Kansas lost manufacturing jobs at a time when manufacturing employment grew in the nation as a whole, according a report released by the Governor’s Council of Economic Advisors on Tuesday.
Kansas saw a 0.9 percent decline in manufacturing employment between June 2014 and 2015, losing about 1,400 manufacturing jobs. During that same period, the nation saw 1.3 percent growth in manufacturing, adding 160,000 jobs.
“The general aviation sector continues to lag behind (commercial is strong) and manufacturing sector in general is still down from before recession in state,” Dan Lara, deputy secretary of public affairs with Kansas Department of Commerce, said in an e-mail.

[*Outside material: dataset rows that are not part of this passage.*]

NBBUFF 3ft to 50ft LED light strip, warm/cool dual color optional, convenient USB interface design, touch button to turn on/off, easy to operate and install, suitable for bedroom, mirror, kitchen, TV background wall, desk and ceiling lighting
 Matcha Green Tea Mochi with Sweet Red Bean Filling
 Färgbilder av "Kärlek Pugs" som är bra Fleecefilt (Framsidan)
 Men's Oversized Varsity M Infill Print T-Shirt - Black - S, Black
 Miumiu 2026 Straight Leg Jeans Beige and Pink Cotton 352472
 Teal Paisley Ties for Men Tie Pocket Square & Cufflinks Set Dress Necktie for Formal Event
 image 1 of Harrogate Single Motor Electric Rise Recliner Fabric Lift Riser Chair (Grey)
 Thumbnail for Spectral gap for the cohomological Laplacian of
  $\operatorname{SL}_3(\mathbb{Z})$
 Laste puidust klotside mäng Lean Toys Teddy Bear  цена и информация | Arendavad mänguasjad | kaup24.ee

The state lost 39,000 manufacturing jobs during the recession and has only gained back about 4,000 of them, Lara said.
As of June, the state has about 162,300 manufacturing jobs, 10.2 percent less than it had 10 years ago.
The report shows the United States grew total nonfarm jobs at a rate of 2.1 percent, while the state gained at a rate of 0.9 percent over the course of a year.
Brownback has repeatedly said that he wants to judge the state’s economy by growth in private-sector jobs rather than total jobs.
Kansas is gaining private-sector jobs at a slower pace than both the region and the nation, the report shows. The state gained 12,700 private-sector jobs between June 2014 and 2015, a 1.1 percent increase.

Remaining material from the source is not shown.